Les bloquistes ne croient pas que C-13 est un bon projet de loi, a insisté leur porte-parole en matière de langues officielles, Mario Beaulieu.

« On dit qu’on va l’appuyer parce qu’on peut amener les choses jusque là en ce moment, mais il reste beaucoup de points qui restent insatisfaisants », a-t-il expliqué.

M. Beaulieu a énuméré la liste des demandes du gouvernement du Québec qui n’ont pas été satisfaites : la maîtrise d’œuvre de son aménagement linguistique sur son territoire, reconnaître que le français est la seule langue officielle minoritaire, une approche vraiment différenciée, que les mesures positives – que ce soit le français ou l’anglais – passent par le Québec.

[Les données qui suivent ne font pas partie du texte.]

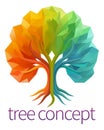 Rainbow Tree Abstract Stylised Concept Design Icon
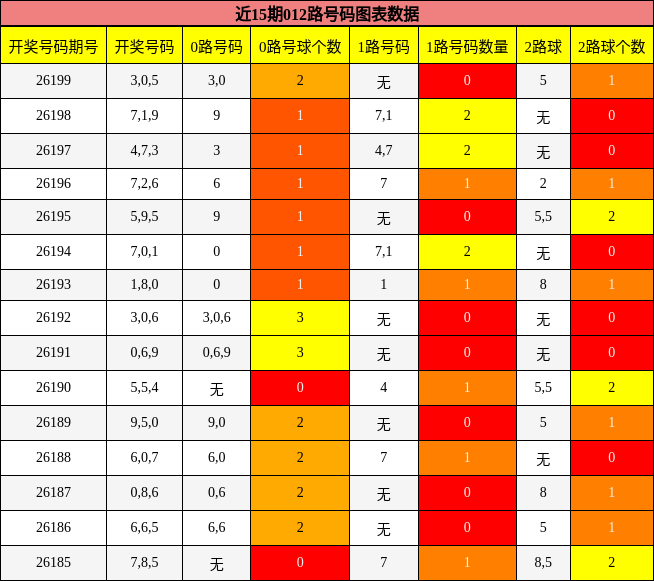 012路号码分析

Fait notable, le gouvernement du Québec avait trouvé un compromis avec les libéraux à la dernière minute de l’étude article par article pour amender le projet de loi de sorte que le régime fédéral soit « équivalent » à celui du Québec en ce qui a trait à l’usage du français dans les entreprises de compétence fédérale.

Tous les partis d’opposition, dont les néo-démocrates, s’étaient alors ralliés.

Le vote sur la troisième lecture devrait avoir lieu lundi après-midi. Le projet de loi cheminera ensuite vers le Sénat. Le gouvernement espère qu’il obtiendra la sanction royale d’ici l’ajournement des travaux pour l’été.